Private briefings by the Queensland government, including from the Treasurer Tim Nicholls, succeeded in getting the following written as the lead paragraph of the Courier-Mail’s story, and similar reporting elsewhere, including the AAP, ABC and Fairfax, who had to play catch up:
“Power bills in Queensland are set to surge by an average of $270, with most of the slug caused by green schemes, including the carbon tax,” the News Ltd paper shrieks.
Here’s what the Queensland Competition Authority actually says in its report, which recommends a 13.5 per cent increase in tariffs from July 1, 2014. The impact of the carbon price, even if not repealed, actually goes down, not up, and so does the impact of the renewable energy schemes. In fact, more than two thirds of the price rise to consumers is caused by factors completely unrelated to the carbon price or any green schemes – it is caused by soaring generation costs, network costs, and increased costs from retailers and billing centres.
The only “green scheme” to show a rise is the solar feed-in tariff, and Newman can claim responsibility for that, because it was he who incited a gold rush of rooftop solar after giving Queenslanders more than 6 weeks notice that the overly-generous feed-in tariffs would be closed.
It’s important to note that the predicted rise in wholesale energy costs, which goes against the grain of recent trends, is caused almost entirely by the Queensland gas boom, in particular the development of LNG export facilities, which will cause domestic gas prices to surge.
And, as the QCA says, the impact of soaring gas prices will actually be reduced by the impact of renewables: “The surge in wholesale energy costs is expected to be offset to some degree by modest decreases in other energy-related costs. These include the renewable energy target (RET) scheme costs and the costs of complying with the Queensland Gas Scheme, which will be closed on 31 December 2013,” the QCA report says.
No doubt, News Ltd could lead with that tomorrow, but it will likely focus on the following.
“The second major cost driver is the Queensland Government’s Solar Bonus Scheme. The scheme’s costs have almost doubled since 2013-14 and will continue to push up prices in future years as distributors recoup costs incurred in paying feed-in tariffs to solar customers. The impact of the Solar Bonus Scheme on network tariffs is expected to peak in 2015–16, at which time about 25% of Energex’s network prices will be due to the Solar Bonus Scheme.”
It also points to (non-solar) increases in network costs as the third major cost driver. It notes Network prices are increasing because of lower than forecast consumption which means that network charges must increase to recover the allowed revenue. This leads back to the issue of network write downs, raised in this story from the Grattan report.

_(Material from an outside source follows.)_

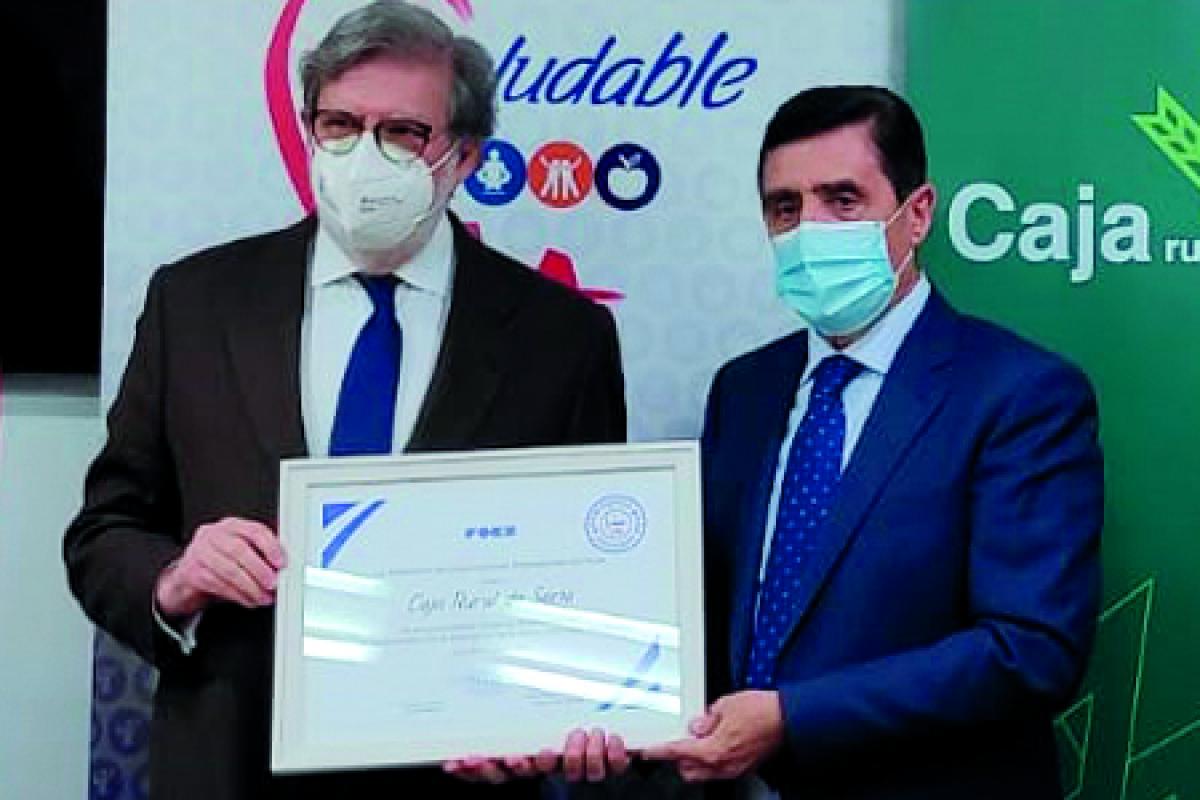 Presidente de FOES Santiago Aparicio, entregando reconocimiento a Carlos Martínez Izquierdo presidente de Caja Rural de Soria
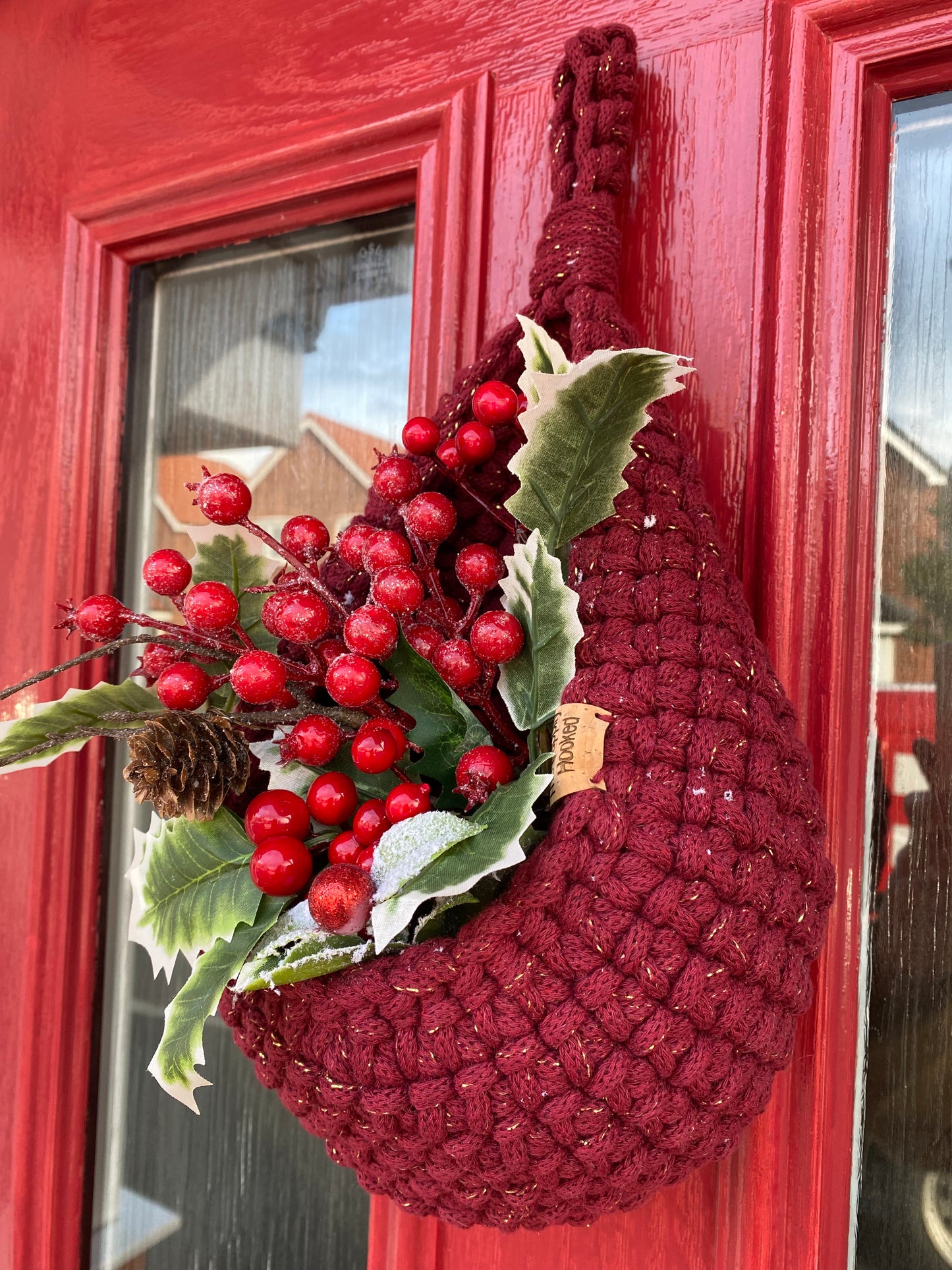 Christmas Red wine/ gold Pod basket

A quick read of the QCA report shows that the service charge for retail consumers has also been lifted by more than 60 per cent, from 50.2c/day to 83.4c/day.
The QCA determination also highlights what a mess the Federal Government’s proposed “retrospective” repeal of the carbon price would be, particularly in the electricity industry where tariffs and contracts are already written.
To try and overcome its problem, the QCA has published two two sets of retail prices, one with a full pass-through of carbon costs, the second to apply after the carbon tax is repealed.
“It is important to note that the QCA does not have the power to change retail prices mid-year, so in order to do so we would require a new delegation from the Minister for Energy and Water Supply if and when the carbon tax is removed. Alternatively, the Minister could choose to make a new price determination using the carbon-exclusive notified prices calculated by the QCA,” it says.